= Jus relictae =

In Scots law, jus relictae is the right of the surviving spouse in the moveable property of the deceased spouse. Jus relictae is the term used for a surviving wife, and jus relicti is the term used for a surviving husband. The similar right for any surviving children is referred to as legitim.

The deceased must have been domiciled in Scotland, but the right accrues from moveable property, wherever situated. The surviving spouse's right vests by survivance, and is independent of the deceased spouse's testamentary provisions; it may however be renounced by contract, or be discharged by satisfaction. It is subject to alienation of the deceased spouse's moveable property during his lifetime or by its conversion into heritable property.

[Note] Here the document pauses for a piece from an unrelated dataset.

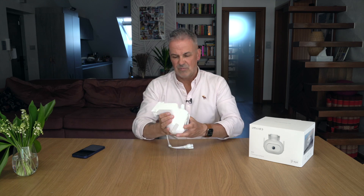Kochani, to by było jeżeli chodzi o kamerę IMILAB EC5 - tyle na dzisiaj. Mam nadzieję, że zobaczymy się w kolejnym odcinku. Coś już przygotowuję, już coś nagrywam. Tymczasem życzę Wam miłego dnia albo dobrej nocy, w zależności od tego kiedy oglądacie ten film. Trzymajcie się ciepło, do zobaczenia. Cześć!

==Additional explanations==
Prior to 1964 the surviving spouse also has a right of terce (not the same as the religious term terce) on the deceased spouse's lands. Thus, under Scots law, both moveable and heritable property were subject to the rights of a surviving spouse and children. However, section 10(1) of the Succession (Scotland) Act 1964 abolished the common law rights of 'terce' and 'courtesy'. Only jus relictae, jus relicti and legitim remain.

The legal principles of jus relictae and legitime also remain active in the US state of Louisiana, which differs from the other 49 states as it operates under a civil law code similar to the Napoleonic code and Roman law rather than common law.